Dec. 29, 2004, 2:12 p.m.

Canon 1D Mark II and Purple Fringing

When I took some pictures of lightning the other day, I detected severe purple fringing around the lightning path itself. This bothered me, so I investigated.

An interpolated crop of 1200dpi is shown below:

Purple Fringing
Purple Fringing

Notice the purple (magenta) colour abberation at the top of the lightning beam, and the yellow abberation at the bottom.

I have read many articles on the web, and if one thing is clear it is that nobody knows for sure why this is happening. Some people attribute it to the lens, some to the sensor. I personally feel it might be a bit of both.

Chromatic abberations in lenses refer to colours not being focussed equally on the focal plane, causing colour shift - where you can see a distinct colour such as magenta, red etc.
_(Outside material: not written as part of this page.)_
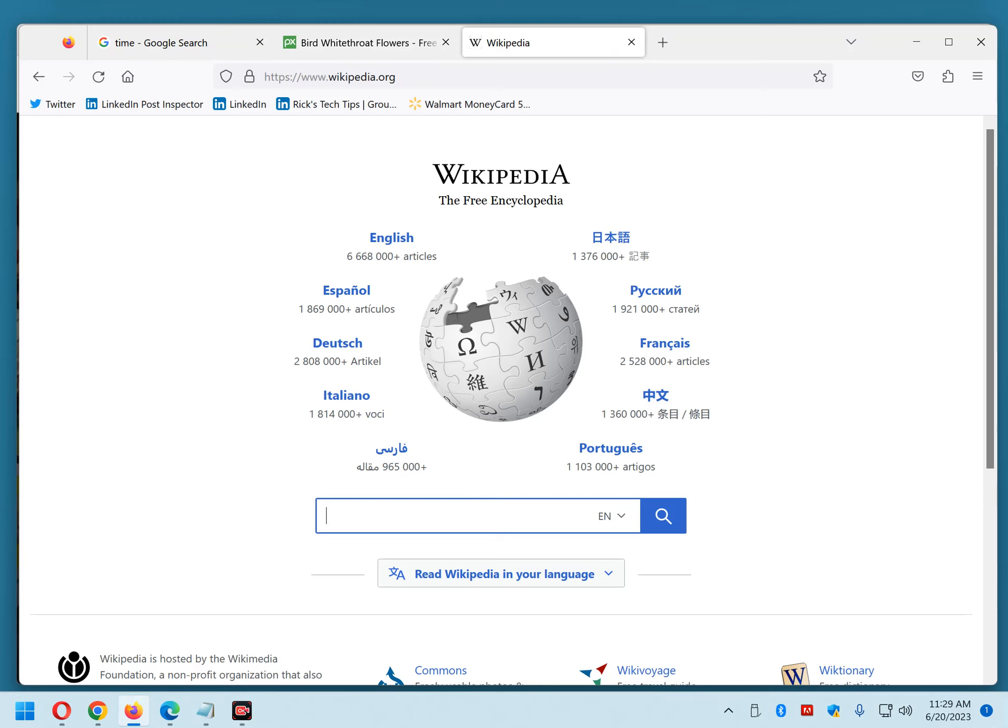Now, this tip works in Chrome and other major browsers as well. This is one of the most useful tips I've ever shared. I've used it myself multiple times per day. And I'm guessing you will too, once you get used to it.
Digital cameras' CCD/CMOS sensors can easily be flooded with too much light, causing all sorts of abnormalities in the image.

I am at a loss which one caused this problem in particular, so if someone knows please comment!

Update - 5 Sept '12: I confused the optical phenomenon of chromatic aberrations and purple fringing. Chromatic aberration is correctly defined above as the inability of a lens to focus light rays of all colours at the same focal point in the z-axis. This is not chromatic aberration. This what you see in the picture above is purple fringing, and that happens when too many photons hit the digital camera's CCD/CMOS sensor and starts blooming (leaking) into neighbouring cells. It usually happens between areas of high contrast. This can usually be corrected in post processing using modern tools like Adobe's Lightroom.